A protest by 10,000 Muslims outside the offices of Google in London today is just the first in an orchestrated attempt to force the company to remove an anti-Islamic film from website YouTube in Britain.
Thousands had travelled from as far afield as Glasgow to take part in the demonstration, ahead of a planned million-strong march in Hyde Park in coming weeks.

Anger over ‘The Innocence of Muslims’, an American-produced film which insults the Prophet Mohammad and demeans Muslims, according to protesters, remains available to watch on the website YouTube, a subsidiary of Google.

Organiser Masoud Alam said: “Our next protest will be at the offices of Google and YouTube across the world. We are looking to ban this film.

Whilst I support their right to peaceful protest, please Mr Google “don’t remove the film”. It’s not Imagereally that good but protect our freedom of speech. If they don’t like it, don’t watch it.

Drive on to Lakes Entrance, a further 300k but at least we’ve broke the back of the journey and we should get to Melbourne tomorrow. It’s another seaside resort, nothing spectacular. By the time we arrive it’s over cast but it 28C so we manage a pleasant walk around and pick up my favourite Subway.

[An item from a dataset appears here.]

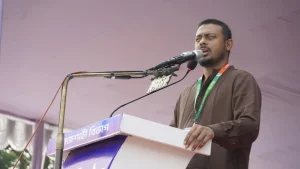 শেখ হাসিনাকে নিয়ে আসব এই দেশে, তাকে ফাঁসির কাষ্ঠে ঝুলাবো: নাসীরুদ্দীন পাটওয়ারী
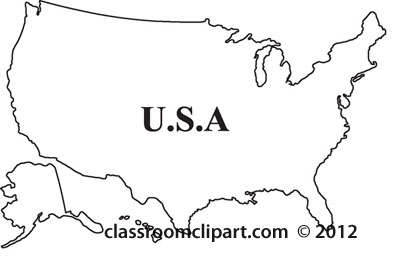 United States clipart #3, Download drawings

This drive down the coast is certainly a way to see Oz but we are getting a bit tree’d out. Problem is the countries so big that the distance between towns of interest is vast. If we were to stop in at all the little beaches I think we’d still be in the Suburbs of Sydney.

Well just to end on a cheery note and forget all these fanatics, here’s a guide to Ozzie Etiquette:

IN GENERAL
1. Never take an open stubby to a job interview. 
2. Always identify people in your paddocks before shooting at them.
3. It’s tacky to take an esky to church.
4. If you have to vacuum the bed, it’s time to change the sheets.
5. Even if you’re certain you’re included in the will, it’s rude to take your ute and trailer to the funeral.

DINING OUT
1. When decanting wine from the box, tilt the paper cup and pour slowly so as not to bruise the wine.
2. If drinking directly from the bottle, hold it with only one hand.

ENTERTAINING IN YOUR HOME
1. A centrepiece for the table should never be anything prepared by a taxidermist.
2. Don’t allow the dog to eat at the table, no matter how good his manners.

PERSONAL HYGIENE
1. While ears need to be cleaned regularly, this should be done in private, using one’s OWN ute keys.
2. Even if you live alone, deodorant isn’t a waste of money.
3. Extensive use of deodorant can only delay bathing by a few days.
4. Dirt and grease under the fingernails is a no-no, it alters the taste of finger foods and if you are a woman it can draw attention away from your jewellery.

DATING
1. Always offer to bait your date’s hook – especially on the first date.
2. Be assertive. Let her know you’re interested: “I’ve been wanting to go out with you ever since I read that stuff on the dunny door two years ago.”
3. Establish with her parents what time she’s expected back. Some will say 11:00 PM, others might say “Monday.” If the latter is the answer, it’s the man’s responsibility to get her to school on time.

THEATRE ETIQUETTE
1. Crying babies should be taken to the lobby and picked up after the movie ends.
2. Refrain from yelling abuse at characters on the screen. Tests have proven they can’t hear you.

WEDDINGS
1. Livestock is a poor choice for a wedding gift.
2. Kissing the bride for more than five seconds may cause a drop in your popularity. (Excessive use of the tongue is also considered out of place)
3. For the groom, at least, rent a tux. A tracksuit with a cummerbund and a clean football jumper can create a tacky appearance.
4. Though uncomfortable, say “yes” to socks and shoes for the occasion.

DRIVING ETIQUETTE
1. Dim your headlights for approaching vehicles, even if your gun’s loaded and the roo’s in your rifle sight.
2. When entering a roundabout, the vehicle with the largest roo bar doesn’t always have the right of way.
3. Never tow another car using panty hose and duct tape.
4. When sending your wife down the road with a petrol can, it’s impolite to ask her to bring back beer too.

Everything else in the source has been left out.